While Black Americans were being criminalized and forced to work in the South, police also served as enforcers of white dominance in Northern cities, Muhammad told Vox. In the South, he explained, “a white man really could shoot a Black man or woman down in the middle of the street and get away with it. That was less likely to happen in the North — what was more likely to happen was for a white resident to simply call the police.”

And police didn’t just arrest Black Americans, leading to their incarceration — they also took part in mob violence against Black people. In 1919, for example, Black residents of Chicago rose up to protest the fatal stoning of Eugene Scott, a 17-year-old Black boy. White residents attacked them, and police joined in, a commission studying the violence later found. “When police officers had the choice to protect Black people from white mob violence, they chose to either aid and abet white mobs or to disarm Black people or to arrest them,” Muhammad said.

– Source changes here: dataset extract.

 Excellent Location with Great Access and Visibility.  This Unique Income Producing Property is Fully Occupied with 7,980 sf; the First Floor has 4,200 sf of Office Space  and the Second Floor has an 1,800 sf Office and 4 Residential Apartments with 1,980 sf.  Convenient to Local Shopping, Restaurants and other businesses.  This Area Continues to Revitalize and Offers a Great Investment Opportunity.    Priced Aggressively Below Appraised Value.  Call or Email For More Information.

And in addition to perpetuating racist violence and mass incarceration while on the job, police have also had a presence in white nationalist groups. In the 1920s, “probably the single largest occupational group in the Klan were police, or other officers of law and order, like sheriff’s deputies,” Gordon told Vox. And while we don’t know the specific affiliations of the officers under investigation for their role last Wednesday, it should be no surprise to see police at a rally alongside white nationalists or to see pro-police “blue lives matter” flags at the same event with Confederate flags and other racist symbols.

“White supremacy has really crept into police forces,” Sabrina Karim, a professor of government at Cornell University who studies global policing, told Vox earlier this week. And to a meaningful extent, it’s been there from the beginning.

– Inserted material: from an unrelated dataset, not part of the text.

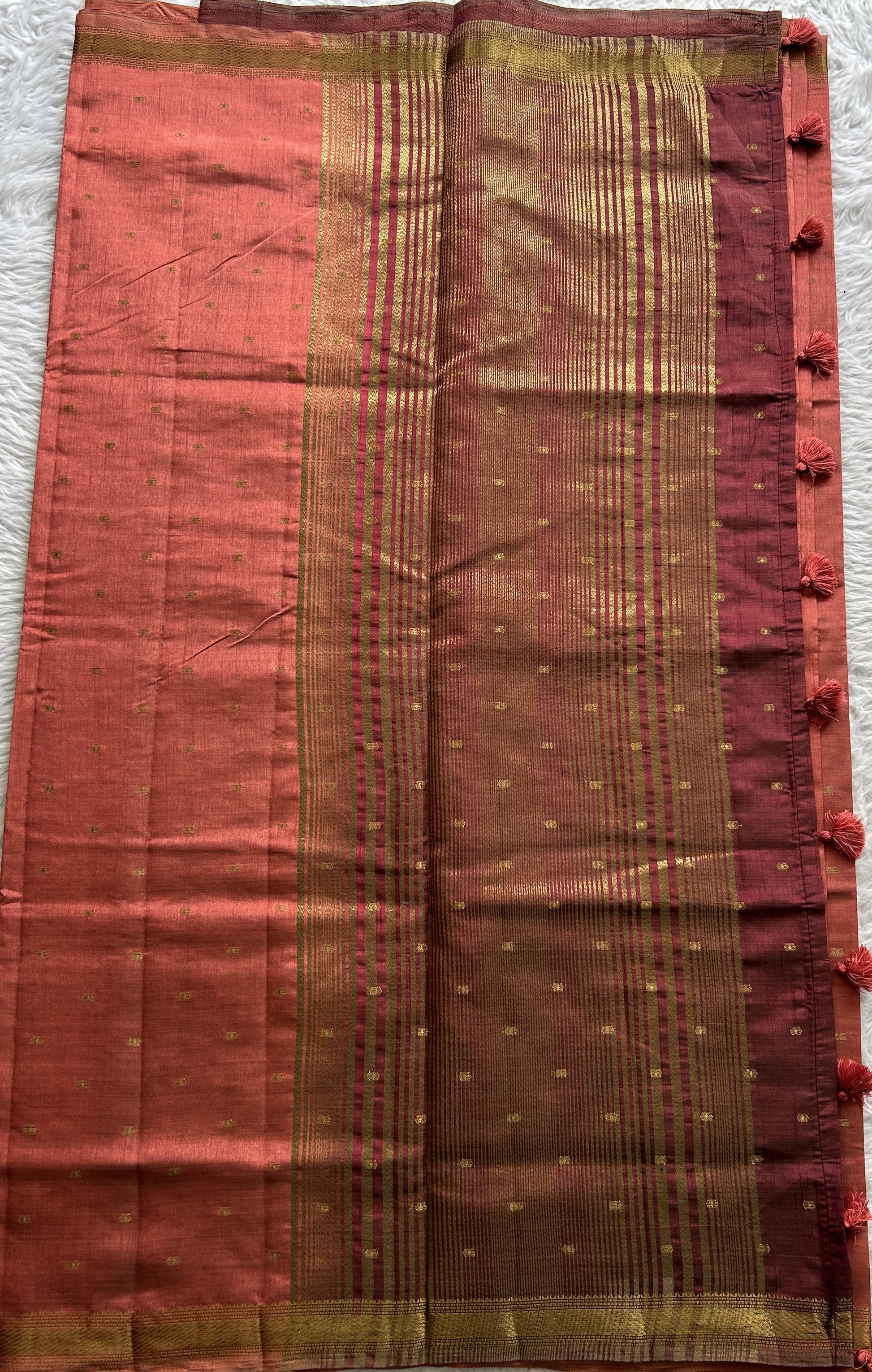 Semi Tussar Saree Dark Peach Colored Complemented with a Zari Border. - Sampradaya Designer Studio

That’s something that became all the more evident last summer when Americans saw on video the brutal killing of George Floyd, a 46-year-old Black man, by police in Minneapolis. It became clearer still when that killing led to racial justice protests across the country, and police and other law enforcement officers in cities across America responded with brutal force — a stark contrast to the treatment of largely white, right-wing anti-mask protesters in Michigan last spring, for example, who were allowed to enter the statehouse with guns. As Vox’s Fabiola Cineas noted, research shows that law enforcement was more than twice as likely to use force against liberal demonstrations than it was against far-right extremist rallies between May and November.

That contrast became even starker at the Capitol riot, as Capitol Police officers on duty appeared to move aside barricades to allow rioters closer to the halls of Congress — one officer even posed for a selfie with one of the insurrectionists. There were likely many reasons for the catastrophic failure of security that led to the invasion of the Capitol on Wednesday, but an affinity between some police on duty and the rioters was probably among them. “There was some degree of complicitness, not among all of the police officers or law enforcement agents, but some,” Karim said.

And now, the fact that off-duty police officers were actively participating in the rally seeking to overturn the election — and throw out the votes of thousands of Black voters — is the latest reminder of how deep the connection between policing and white supremacy goes.

Some have expressed horror at the thought that law enforcement officials could be involved in the storming of the Capitol. “There is no excuse for criminal activity, especially from a police officer,” Houston Police Chief Art Acevedo said in a statement on Pham’s resignation.

But for decades, police in America have had the power to define what is criminal activity, and have frequently wielded that power against Black Americans, sometimes with fatal consequences. They have also been a core part of the white supremacist groups that sought to demonize immigrants and people of color. And any response to the Capitol riot, and to the larger forces of white supremacy in America, will have to reckon with that reality.